*** Data provided Section Begins ***

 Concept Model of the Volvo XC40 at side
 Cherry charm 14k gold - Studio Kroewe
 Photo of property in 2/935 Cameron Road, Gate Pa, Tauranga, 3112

*** Data provided Section Ends ***

▸ **Exercise brief**:
Set down the listing in full, keeping every word exactly as it is.

▸ **Completed exercise**:
 Concept Model of the Volvo XC40 at side
 Cherry charm 14k gold - Studio Kroewe
 Photo of property in 2/935 Cameron Road, Gate Pa, Tauranga, 3112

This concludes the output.